On 4 September 2016, at about 1655 Western Standard Time, an amateur-built Van’s RV-9A aircraft registered VH-KLV (KLV), departed Albany Airport, Western Australia (WA), for a flight to Jandakot Airport, WA. On board the private flight were a pilot and one passenger.

About 15 minutes into the flight, the pilot observed an oil temperature indication greatly exceeding the normal operating limit, all other engine indications appeared normal. The pilot reduced power to idle and elected to conduct a precautionary landing.

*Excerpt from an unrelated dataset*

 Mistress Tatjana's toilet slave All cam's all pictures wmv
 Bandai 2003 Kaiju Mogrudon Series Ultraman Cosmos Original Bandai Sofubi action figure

The pilot identified a section of disused road as suitable to conduct the precautionary landing. At about 200 ft above ground level, the pilot detected the aircraft becoming low and applied power. The engine responded briefly before losing all power. The pilot identified that they did not have sufficient height to glide to the disused road. To avoid powerlines located next to the disused road, the pilot elected to fly the aircraft into trees.

The aircraft struck the tree canopy before falling onto the disused road. The aircraft landed nose first before overturning and coming to rest inverted. The pilot and passenger exited through the broken windscreen.

The pilot and passenger sustained minor injuries and the aircraft was substantially damaged.

This incident highlights the importance of actively managing an emergency situation. Once an engine malfunction is identified it is important to consider that remaining power may be inconsistent and unreliable.

The US Federal Aviation Administration Airplane flying handbook chapter: Emergency procedures provides information on effective management of precautionary and forced landings.

The RV-9A is not an aerobatic aircraft, however, KLV was fitted with a four-point aerobatic type harness. Four-point harnesses provide superior occupant protection during an accident, in particular when an aircraft overturns. The fitment and use of the four-point harness most likely prevented more serious injuries to the occupants.